"As far as cartography is concerned the printing of Ptolemy's Geographia at Ulm in 1482 (and 1486) - the first edition with woodcut maps - was an event of the greatest importance.
The edition of Ptolemy's Geographia printed at Ulm in 1482 was the first published outside Italy and the first with woodcut map; it contained 26 maps based on Ptolemy and six 'modern' maps"
(Moreland & Bannister).
"The first edition printed north of the Alps, and the first woodcut version, is more crudely executed than the previous (Ptolemy) productions. Nevertheless the bold Germanic style and the Gothic lettering have a distinctive decorative appeal, especially when combined with rich colouring. The printer was Leinhart Holle, also known for the publication of the illustrated book 'Buch der Weisheit'.

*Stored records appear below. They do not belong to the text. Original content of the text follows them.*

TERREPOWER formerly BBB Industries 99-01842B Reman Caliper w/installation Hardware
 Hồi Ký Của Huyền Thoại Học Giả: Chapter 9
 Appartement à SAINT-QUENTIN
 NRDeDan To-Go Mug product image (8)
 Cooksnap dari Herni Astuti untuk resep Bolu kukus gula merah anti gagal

Shortly after the publication Leinhart Holle went bankrupt. His stock was taken iover by Johann Reger who, four years later in 1486, put out a second printing of about 1000 copies. Within and between both editions variations occur in respect of the text and printed legends although the same basic blocks were used."
In 1482 Lienhart Holle in Ulm published a revised edition of Ptolemy's Geographia with the reworking of the Ptolemaic corpus by the cartographer Nicolaus Germanus Donis. The atlas included five additional "modern" maps: Italy, Spain, France, Scandinavia, and the Holy Land. The atlas would be the first book printed by Lienhart Holle, however, it would appear that the venture proved ruinously expensive and his business would go bankrupt shortly after publication. The remaining sheets, the woodblocks and the types passed to Johann Reger in Ulm, who reissued the work in 1486.
As well as the modern maps the atlas bears some other notable first. It was the first time that maps were signed by the artist responsible for the woodcutting; in this case Johannes of Armsheim, who signed the world map, and incorporated a backwards N into the woodcut text on each map. It is also the first to print the accompanying text on the verso of the map to which it refers.